Remember to look at the things that can’t be changed as easily: floor plan, number of bedrooms, neighborhood, home structure, etc. While all of these things can be changed, it would just take a lot more time and money to do so.
And a few things to know AFTER you say yes to the perfect-for-you house:
I would definitely recommend budgeting for your mortgage, bills, savings, gas, groceries. I would also advise you to take it one step further and budget for the expenses that will come up later on. Things like property taxes and homeowner’s insurance are all a part of owning a home. You won’t get a bill for them every month most likely, but you may want to have a separate account or put some money aside for when they do come up. Sometimes these will be included in escrow, or included in your mortgage payments. If you have the money already ready when those come up, it won’t feel like such a hit on your bank account.
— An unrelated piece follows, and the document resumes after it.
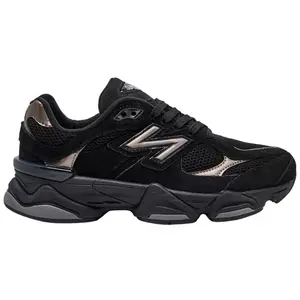 New Balance 9060 Black Copper Authentic Sneaker GC9060BR Original Bronze Youth Gradeschool Comfortable Everyday Wear Athletic Unisex Chunky Shoe for Girls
Along the same lines, I would also suggest…
Create an emergency fund.
Start putting a small amount of each check into a savings account or a separate account that you don’t touch unless it is an emergency. Owning a home is great in so many ways, but one small disadvantage is when something breaks, you are responsible for repairing it. Anything can break on you, and it usually happens at the worst time, but being prepared with some extra money for those things will be a life saver. Instead of stressing about how to get the money to repair your heat/air unit, you could already have most or all of the money set aside. Sure it still stinks to let go of all that, but better to have it upfront than to go in debt for something like that.
Learn how to do basic home repairs.
When you own a home, there are a lot of little things that come up that need repairs, or replaced. If you know how to do a few things around the house, you could save yourself a bundle of money. Just know how to use basic tools or how to look up You-tube videos to figure it out.
I would definitely recommend doing these things DIY before calling a handyman:
- hang curtains
- change light fixtures
- change door locks
- install appliances (some do deliver and install for free)
- fix a toilet leak
- unclog a drain
- install basic flooring
- basic plumbing knowledge
- install baseboards or wood trim
- install new doors
- patch drywall
- shampoo carpets
There are tons of videos, tutorials, and Pinterest DIY blog posts that can help you with just about any project. I know not everyone is Chip or Joanna Gains, but you could probably figure out some of these repairs/projects and save a lot of money by doing so.
I know it can be scary, and overwhelming, and frustrating, and difficult, but in the end you will be so so so proud of yourself and you will find so much pride in owning your own home.
Just do as much research as possible, gather a lot of information, talk with friends and family, and sit down with a budget and get real with yourself before you say yes to your new home. And just remember, if the home you find is not your style or perfect just yet, just know with a little patience, elbow grease, some DIY, and love your house can turn into a cozy haven that is just perfect for you to call home!
What tips would you add to this list?